The TeamPCP threat actor group executed a sophisticated supply-chain attack targeting the Telnyx Python SDK by publishing malicious versions 4.87.1 and 4.87.2 on the PyPI repository. This campaign marks a tactical evolution from their earlier LiteLLM campaign, incorporating advanced evasion and persistence techniques. The malicious payload is activated immediately upon import of the compromised SDK, leveraging WAV-based steganography to conceal malicious code within audio files, thereby complicating detection by traditional static and dynamic analysis tools. Additionally, the attack employs split-file code injection, distributing the malicious logic across multiple source files to evade signature-based detection and complicate forensic analysis. The payload supports multiple operating systems—Linux, macOS, and Windows—broadening the attack surface. On Windows, persistence is achieved through the Startup folder, ensuring execution on system reboot. The payload downloads and executes credential-stealing malware designed to exfiltrate sensitive authentication data, posing a significant risk to user accounts and organizational security. Notably, the attackers transitioned their command and control infrastructure from encrypted HTTPS to plaintext HTTP, which may inadvertently expose their activities to network defenders but could also indicate operational trade-offs or attempts to blend with benign traffic. Given the nature of the supply-chain compromise, any organization relying on the Telnyx Python SDK versions 4.87.1 or 4.87.2 is at risk. The absence of a CVSS score necessitates an independent severity assessment, which is high due to the multi-platform credential theft capabilities, stealthy evasion, and persistence mechanisms. Indicators of compromise include several file hashes and an IP address (83.142.209.203) associated with the campaign. Organizations are strongly advised to revert to the last known clean SDK version and conduct thorough incident response procedures to identify and remediate any compromise.
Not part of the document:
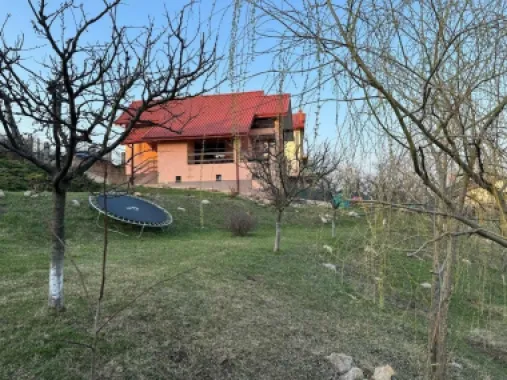 Hlincea, str.Mănăstirii, CIUREA, Iaşi + 1.700 mp teren şi Vilă (D+P+M)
This supply-chain attack threatens organizations worldwide that use the Telnyx Python SDK, potentially compromising sensitive credentials across Linux, macOS, and Windows environments. Credential theft can lead to unauthorized access to critical systems, data breaches, lateral movement within networks, and further malware deployment. The multi-platform nature increases the scope of affected systems, including development, production, and CI/CD environments. The use of advanced evasion techniques such as audio steganography and split-file injection complicates detection and forensic efforts, increasing dwell time and risk of extensive compromise. Persistence on Windows systems via the Startup folder ensures malware survival across reboots, facilitating long-term access. The shift to plaintext HTTP C2 traffic could allow network defenders to detect and disrupt communications, but also indicates attackers’ confidence or operational constraints. The attack undermines trust in open-source supply chains, potentially impacting software development workflows and increasing operational costs due to remediation and incident response. Organizations may face regulatory and reputational damage if credential theft leads to data breaches or service disruptions.

1. Immediately downgrade the Telnyx Python SDK to the last known clean version prior to 4.87.1 and 4.87.2 to prevent further exposure. 2. Conduct comprehensive endpoint and network forensics to identify any signs of compromise, focusing on the presence of the identified malicious hashes and suspicious network traffic to IP 83.142.209.203. 3. Implement enhanced monitoring for unusual process behaviors, especially those involving audio file processing or unexpected network connections over plaintext HTTP. 4. Audit Windows systems for unauthorized persistence mechanisms, particularly in the Startup folder, and remove any suspicious entries. 5. Employ advanced threat detection tools capable of analyzing steganographic content and split-file injection patterns to improve detection capabilities. 6. Rotate all potentially compromised credentials and enforce multi-factor authentication to limit attacker access. 7. Educate development and DevOps teams on supply-chain risks and enforce strict package version controls and integrity verification (e.g., hash checks, signed packages). 8. Utilize network segmentation and egress filtering to limit malware communication channels. 9. Collaborate with threat intelligence providers to stay updated on emerging indicators and tactics from TeamPCP. 10. Consider deploying runtime application self-protection (RASP) or behavior-based anomaly detection within critical environments to detect malicious SDK behavior in real time.